Diese Ausführungen machten aus Sicht des OLG Frankfurt deutlich, dass nach Ansicht des Wirtschaftsprüfers das zentrale Problem darin liege, dass bei der Antragsgegnerin bestimmte Daten nicht vorrätig seien. Offenbar gehe er davon aus, dass es grundsätzlich möglich wäre, die entsprechenden Daten und Unterlagen zu beschaffen. Eine solche Beschaffung bei dem Unternehmen nicht vorrätiger Daten und Unterlagen sei jedoch von dem Anspruch auf Bucheinsicht nach § 87c Abs. 4 HGB nicht mehr umfasst, da sich dieser Anspruch – wie dargelegt – auf diejenigen Unterlagen beschränke, die sich bei dem Unternehmer befänden.

Die Antragsgegnerin habe den Anspruch des Antragstellers aus § 87c Abs. 4 HGB auch erst nach dem Erlass des Zwischenschiedsspruchs erfüllt (§ 767 Abs. 2 ZPO analog).

Der Vollständigkeit halber führten die Richter aus, dass der Antragsteller durch die dargestellte Begrenzung des Anspruchs auf Bucheinsicht auf beim Unternehmer vorrätige Daten und Unterlagen auch keineswegs rechtsschutzlos gestellt sei.

Wenn nämlich ein Handelsvertreter, die ihm durch § 87c Abs. 4 HGB eröffnete Möglichkeit zur Nachprüfung des Buchauszuges erfolglos erschöpft habe, wenn also z.
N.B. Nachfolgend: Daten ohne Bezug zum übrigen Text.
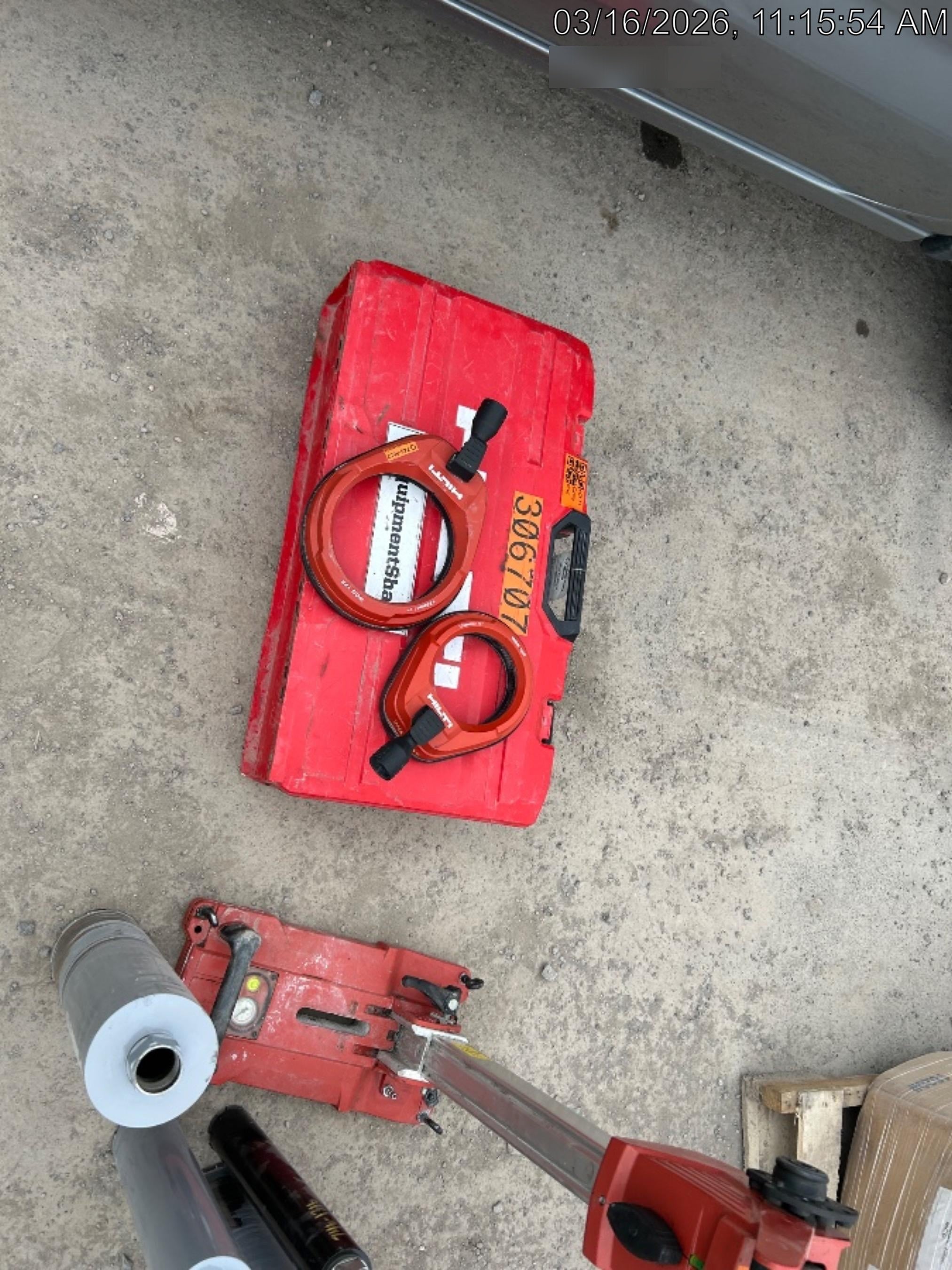 2023 HILTI DD 150-U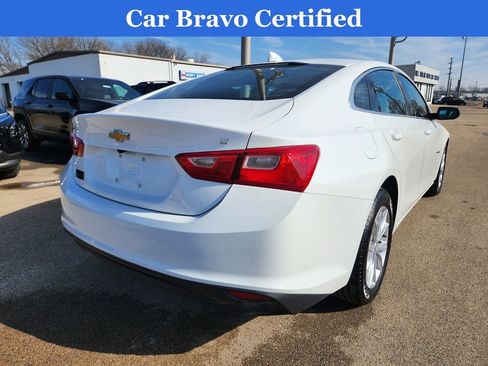 Used 2023 Chevrolet Malibu LT FWD image 5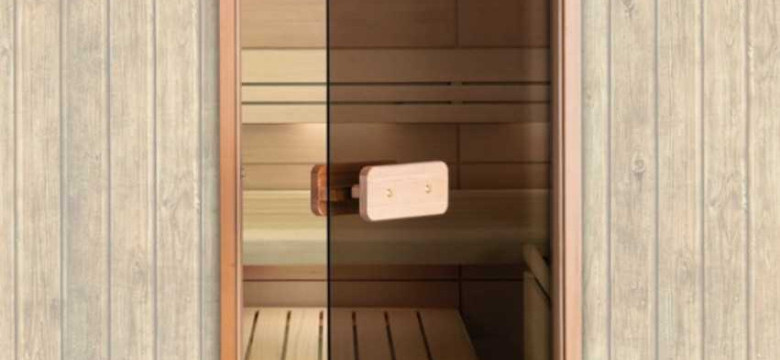 Стеклянные двери для сауны и бани: красота, функциональность и безопасность в вашем интерьере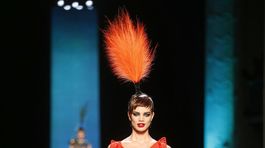 Jean Paul Gaultier Couture - jar-leto 2014 - Paríž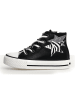 Naturino Sneakers in Weiß/ Schwarz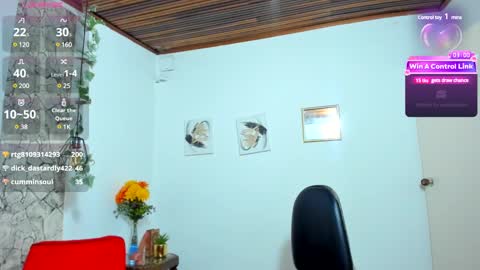 Yasemin online show from March 2025 02:15:02 AM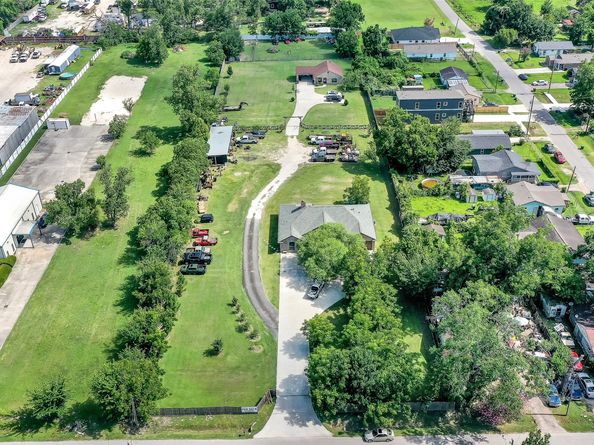 1804 Esther Drive, Houston TX 77088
B. auch die Bucheinsicht keine Klarheit gebracht habe oder wenn Bücher, die eingesehen werden könnten, nicht vorhanden seien, könne er in entsprechender Anwendung der §§ 259, 260 BGB unter den dort normierten Voraussetzungen eine Versicherung des Unternehmers an Eides statt über die Richtigkeit des ihm erteilten Buchauszuges fordern.

Da nach alledem der erhobene Erfüllungseinwand der Antragsgegnerin durchgreife, sei der Antrag auf Vollstreckbarerklärung zurückzuweisen.